Fibonacci Functional Programming — A Walkthrough
Today, I wanted to share an exercise that I particularly enjoyed. This was inspired from an easier coding challenge that you might encounter during a technical interview. It involves the fibonacci sequence. Don’t remember precisely what that is? No sweat, you’re prompted with the logic.
Here’s the challenge: “Each new term in the Fibonacci sequence is generated by adding the previous two terms. By starting with 1 and 2, the first 10 terms will be:
1, 2, 3, 5, 8, 13, 21, 34, 55, 89, …
By considering the terms in the Fibonacci sequence whose values do not exceed four million, find the sum of the even-valued terms.”
If you’re like me, your first thought might go something like this,
The new file window can feel daunting but you’ve got this. You’re a programmer! The question remains, what do you do next? Make sure you understand what is being asked of you. Examine the prompt and reverse engineer it. In the spirit of functional programming, let’s identify our unique tasks and create specific functions for them.
By considering the terms in the Fibonacci sequence 1 (whose values do not exceed four million), find the sum 2 of the even-valued terms. 3
- Considering the terms in the Fibonacci sequence: In order to do anything, we’ve got to work with fibonacci sequenced numbers. Note: the value not exceeding 4,000,000 isn’t something that we’re going to call but rather pass as a parameter in our fibonacci number generating function later.
- Find the sum: Pretty straight forward. We’ll want to create a function that is able to produce the sum of whatever numbers we pass it.
- Even-valued terms: With one last request, we create a function to determine whether or not the numbers we’ll be adding together are even numbers.

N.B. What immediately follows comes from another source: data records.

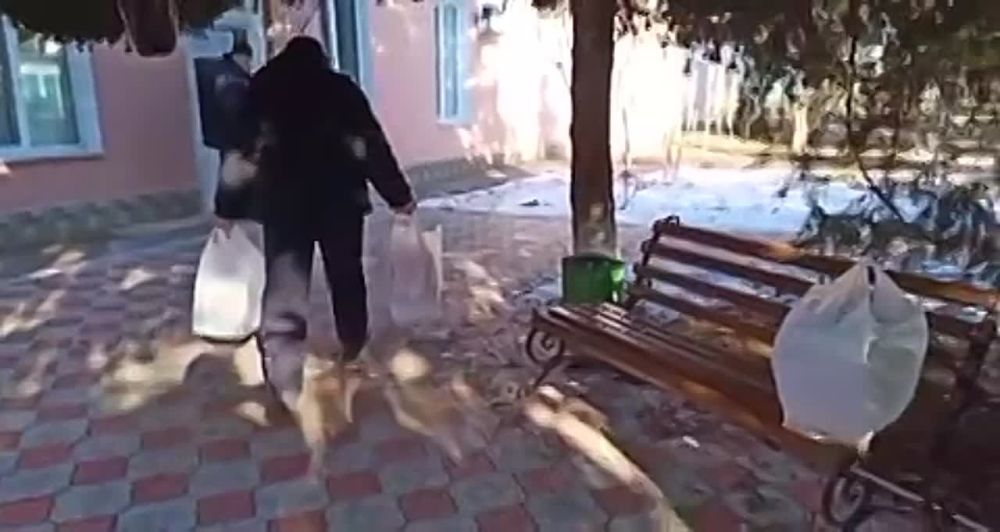 Школьные библиотеки Скадовского района пополнились новыми литературными наборами с произведениями русских классиков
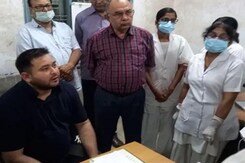 Tejashwi Yadav Finds Patna Hospital Head Preparing To Sleep During Check Tejashwi Yadav Finds Patna Hospital Head Preparing To Sleep During Check
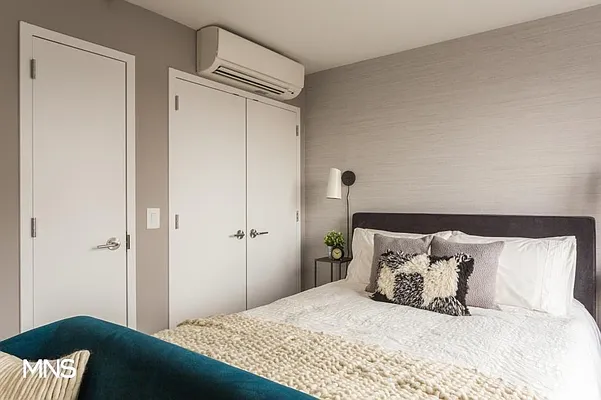 Rented by MNS Marketing | media 28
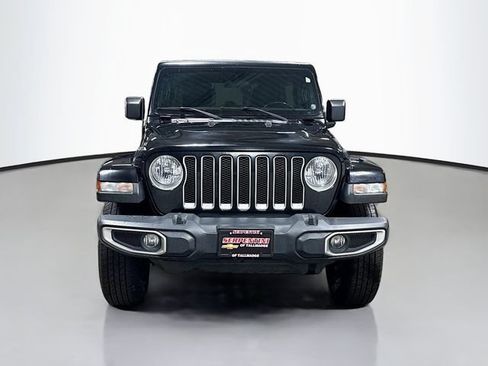 Used 2020 Jeep Wrangler Unlimited Sahara AWD/4WD image 2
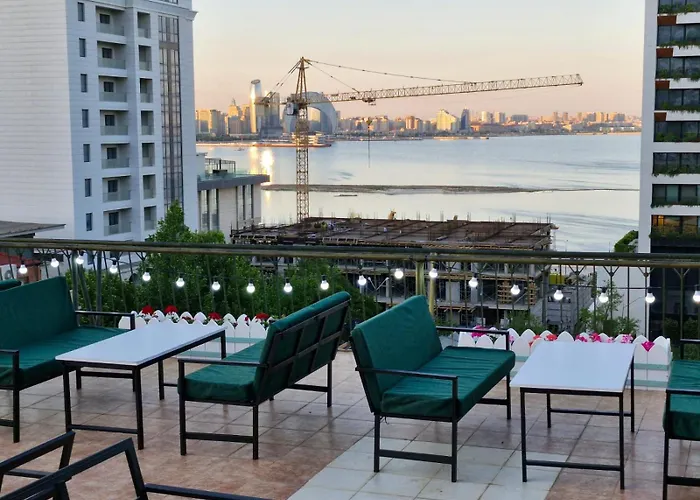 Nur Hotel & Terrace Cafe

Let’s walk through each of these steps.
First, I create a function named fibonacci to pass my logic through that adjusts to a parameter that represents a maximum value.

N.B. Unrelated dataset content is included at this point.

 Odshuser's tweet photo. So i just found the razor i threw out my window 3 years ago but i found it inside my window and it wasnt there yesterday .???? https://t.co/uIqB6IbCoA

Because I know that I am going to be working with specific numbers generated from my fibonacci function, I know that I will need to store and access those numbers later. For that reason, I create an empty array that I have called, fibArray.
Now, to begin the sequence that is going to make fibonacci numbers, I need three variables. I decided to call them “a”, “b”, and “c” to keep our reasoning nice and tidy. Zero doesn’t add very well onto itself so we know that we’ll need to start at one. For that reason, I declare my variable “a” equal to one. While “a” is equal to one, that means no number lies ahead of “a” to add onto itself, so “b” begins as zero. These are the only two real numbers we’re dealing with. A third variable is created to simulate the temporary value necessary to carry out our logic. Because this third variable is not a true number, but a temporary value, it is initiated as null.

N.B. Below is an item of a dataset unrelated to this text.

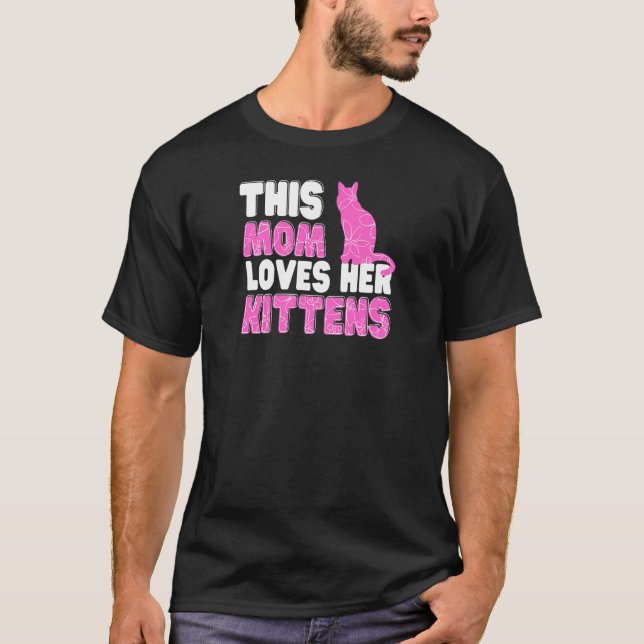 Camiseta Womens This Mom Loves Her Kittens Cute Cat  Family (Frente)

Now, we need to create a condition where our sequence will run until a specified threshold is met. This calls for a while loop. Here, we end up running the logic below while “a” is less than the determined maximum. What makes all the fibonacci magic possible comes next.
Our temporary value “c” is reassigned the value of “a”, this stores our first number. “a” is then reassigned the value of “b” + itself which represents the number in the sequence we are indexed at being added to the following number. “b” is then set to the temporary value of “c”, which was the previous “a” or index value. Because “a” is the value we have added together to create the next number in our fibonacci sequence, we push that number to be stored in our array. Lastly, we return our array to be able to call this function in the future!
If you’ve made it this far, the hardest part is over! Now it’s time for our considerable smaller and simpler unique functions.
This sum function takes two parameters (total and number) and returns their being added together. That completes our second task!
Before we can add our fibonacci numbers together, we pass any given number (num) and see if its remainder is zero after dividing it by two, aka, even.
Now that we have our three distinctive functions, it’s time to call them! In order to invoke our these functions, we’ll want to place them into one last main function. This is a great habit to create clean and reusable code and a tenant of functional programming. You can see we begin by returning our fibonacci numbers, which we pass our maximum value of 4,000,000 to, that have been stored in an array. We then filter that array and pass our filter method with our isEven function. This updates the array to only return the fibonacci sequence numbers that are even. To perform our final task of summing those numbers together we pass our sum function to our reduce method. What is returned now, is our final answer.
If you’ve followed along and are dying to know wether you successfully passed this coding challenge, the correct answer is 4613732.
Thanks for stopping by and, as always, code on!